- Data to use
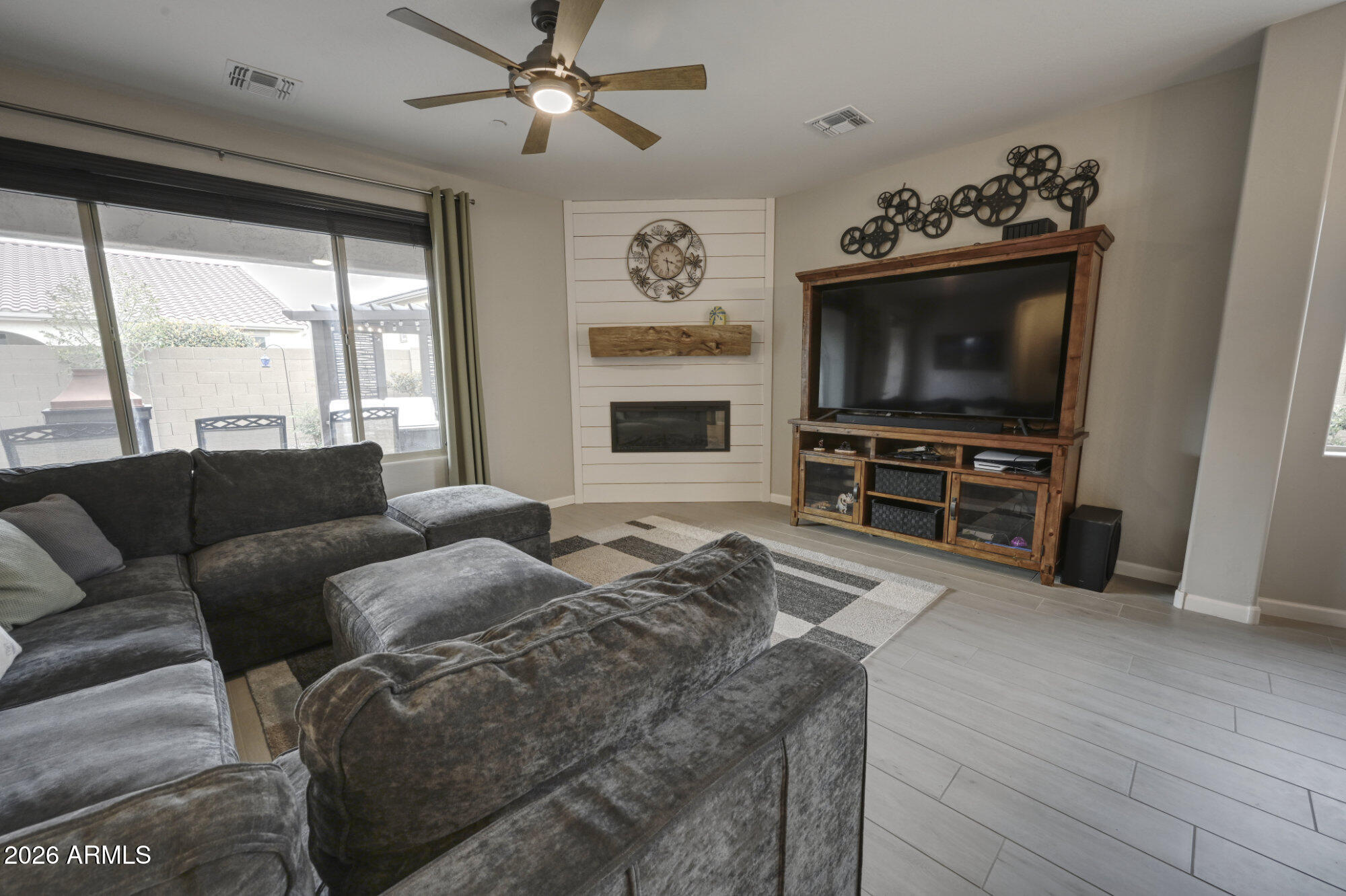 576 Whistle Stop Road Clarkdale, AZ 86324 - Photo 5 of 28 a living room with furniture a flat screen tv and a fireplace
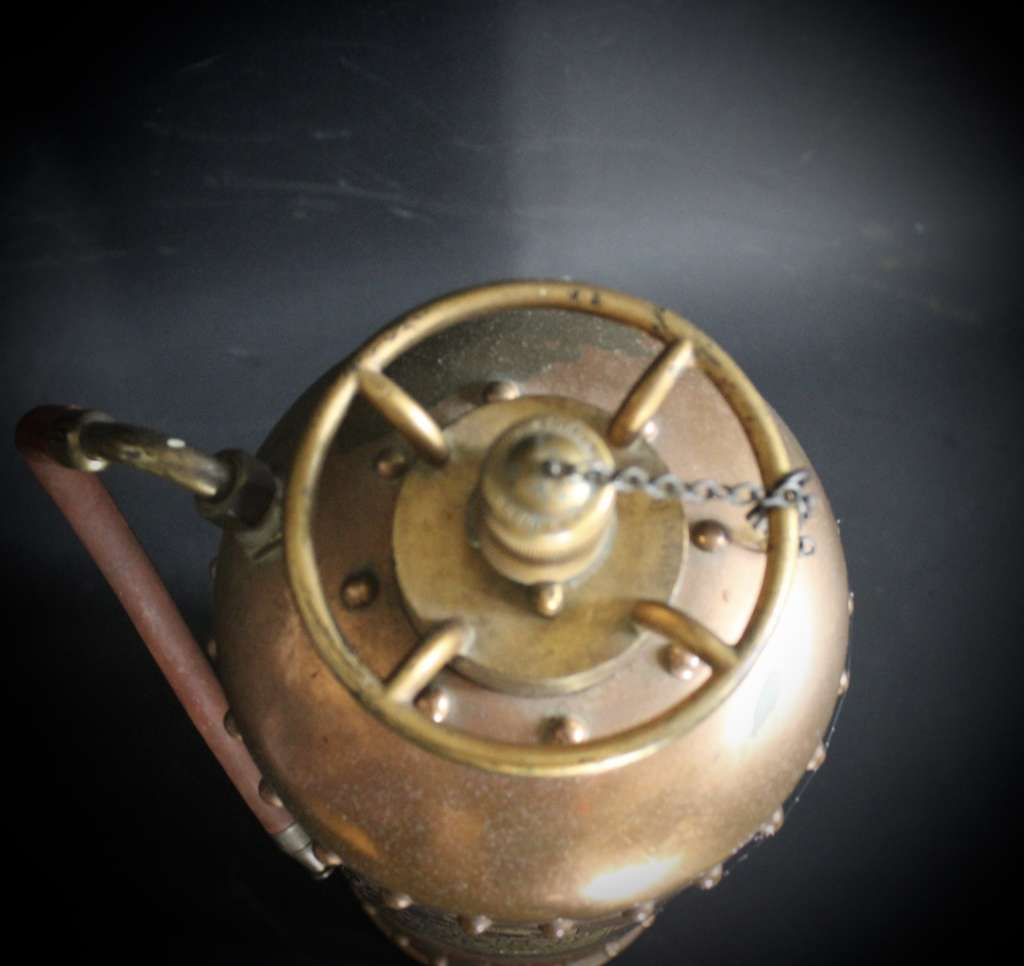 Vintage British copper fire extinguisher.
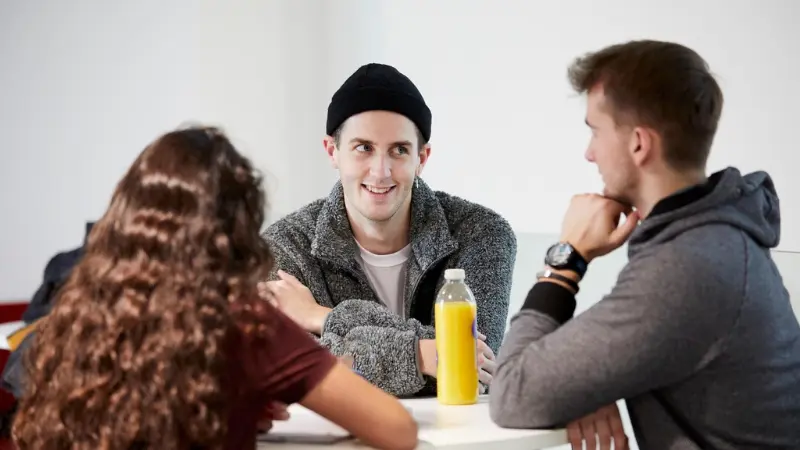 A group of friends sat talking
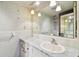 Bathroom featuring a vanity with a large mirror and ample lighting at 2101 Sunset Point Rd # 201, Clearwater, FL 33765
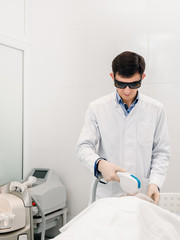 Male doctor cosmetologist in protective glasses doing laser treatment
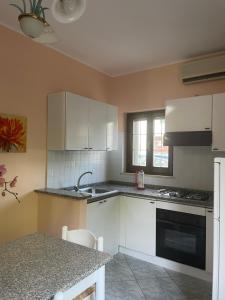 PianellaCasa Adalgisa的厨房配有白色橱柜和台面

- What is required
Would you reproduce the records exactly as they stand, but without the pictures?

- Exercise answer
 576 Whistle Stop Road Clarkdale, AZ 86324 - Photo 5 of 28 a living room with furniture a flat screen tv and a fireplace
 Vintage British copper fire extinguisher.
 A group of friends sat talking
 Bathroom featuring a vanity with a large mirror and ample lighting at 2101 Sunset Point Rd # 201, Clearwater, FL 33765
 Male doctor cosmetologist in protective glasses doing laser treatment
 PianellaCasa Adalgisa的厨房配有白色橱柜和台面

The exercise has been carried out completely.